Trace-based Profiling¶

AIEs are equipped with tracing hardware that provides a cycle-accurate view of hardware events. This enables more precise profiling, especially for analyzing the performance of computation on each compute tile (AIE) and the associated data transfers.

However, configuring the trace unit can be complex. This new feature simplifies the process, making trace-based profiling easier to use.

Trace-based profiling requires configuring the compute tile and routing the trace data as packets through the shim tile to external memory. This places additional pressure on the DMA ports of the shim tile, making it unsuitable for large-scale computation tasks where DMA bandwidth is already a constrained resource. As a result, trace support is currently provided mainly for small- scale computations.

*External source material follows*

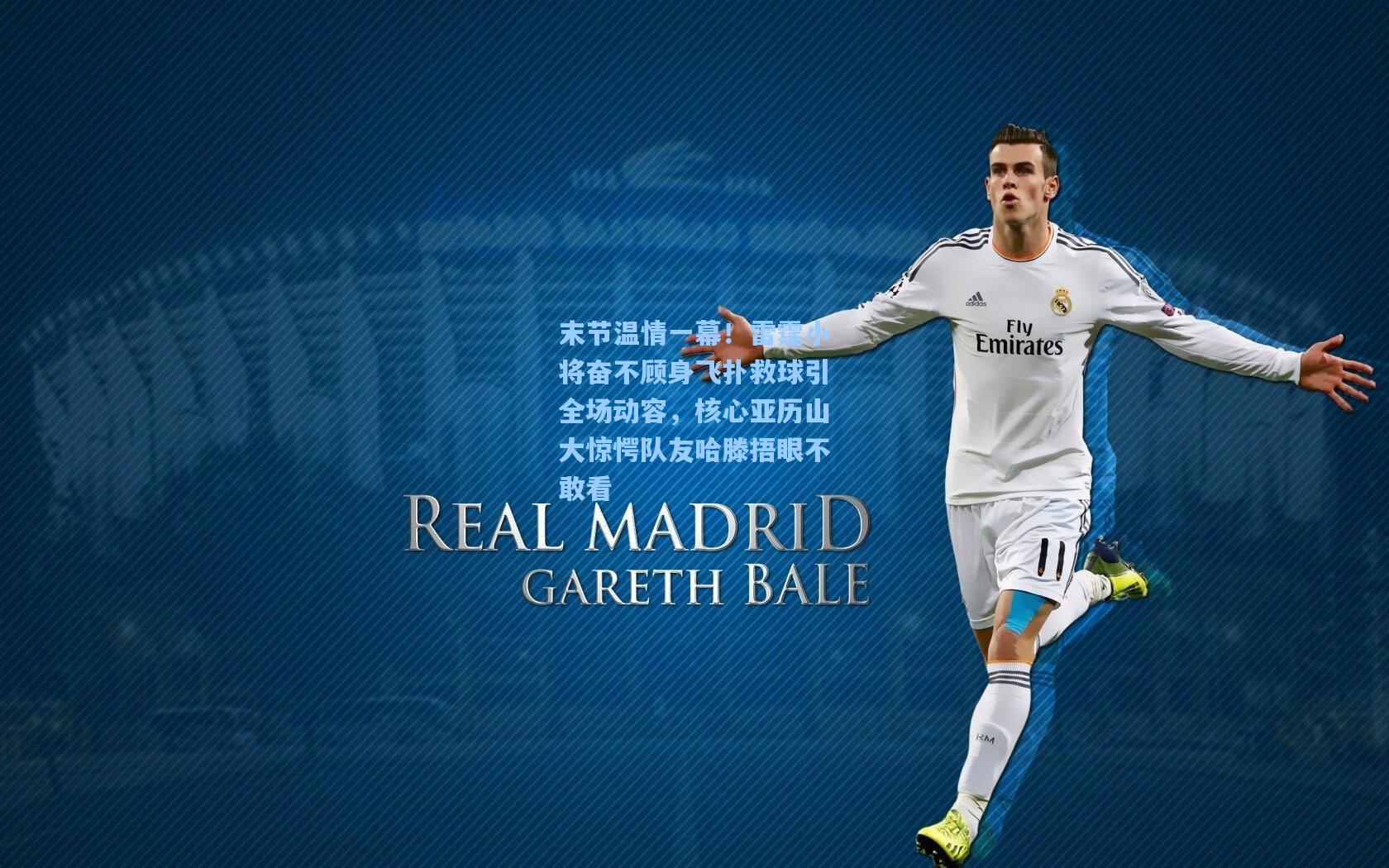 末节温情一幕！雷霆小将奋不顾身飞扑救球引全场动容，核心亚历山大惊愕队友哈滕捂眼不敢看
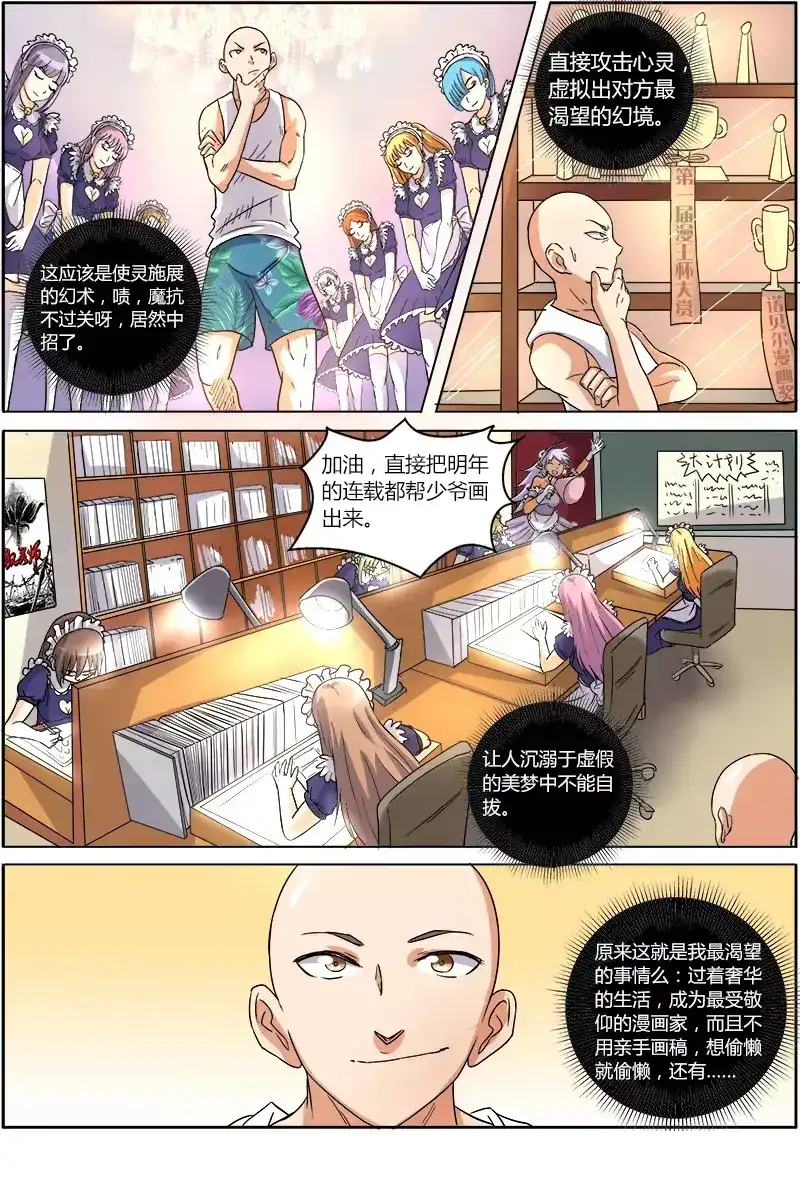 第65话幻术-驭灵师-时代漫王（第5张）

To use trace, users can configure the options in the build method in allo/dataflow.py:

def build(
    func,
    target="vitis_hls",
    mode="csim",
    project="top.prj",
    configs=None,
    wrap_io=True,
    opt_default=True,
    enable_tensor=False,
    mapping_primitives: list[tuple[str, list]] = [],
    profile=False,
    warmup=20,
    num_iters=100,
    trace: list[tuple[str, tuple[int, ...]]] = None,
    trace_size: int = 4096,
    device_type: str = None,
)

Related Parameters:

trace: a list of tiles from the allo.dataflow.kernel users wish to trace. Each element consists of the kernel’s name as a string and a tuple representing the tile index. This index does not necessarily correspond to the final physical compute tile index in the 2D AIE array. Tracing is enabled on a best-effort basis: if resources (DMA ports or buffer descriptors) are limited, tracing may not be applied to all specified tiles in the list.
trace_size: the size of the trace buffer. If a large amount of trace information is expected, users may increase this accordingly.

After build, running the generated module produces a file named trace.txt under the project directory.

The trace.txt file should contain multiple lines of non-zero values. If all entries are zero, first check whether the top.mlir file contains any aie.packet_flow operations:

If not, it indicates that tracing for the specified tiles was skipped due to resource constraints.
If such operations are present but entries in trace.txt are all zero, please submit a bug report.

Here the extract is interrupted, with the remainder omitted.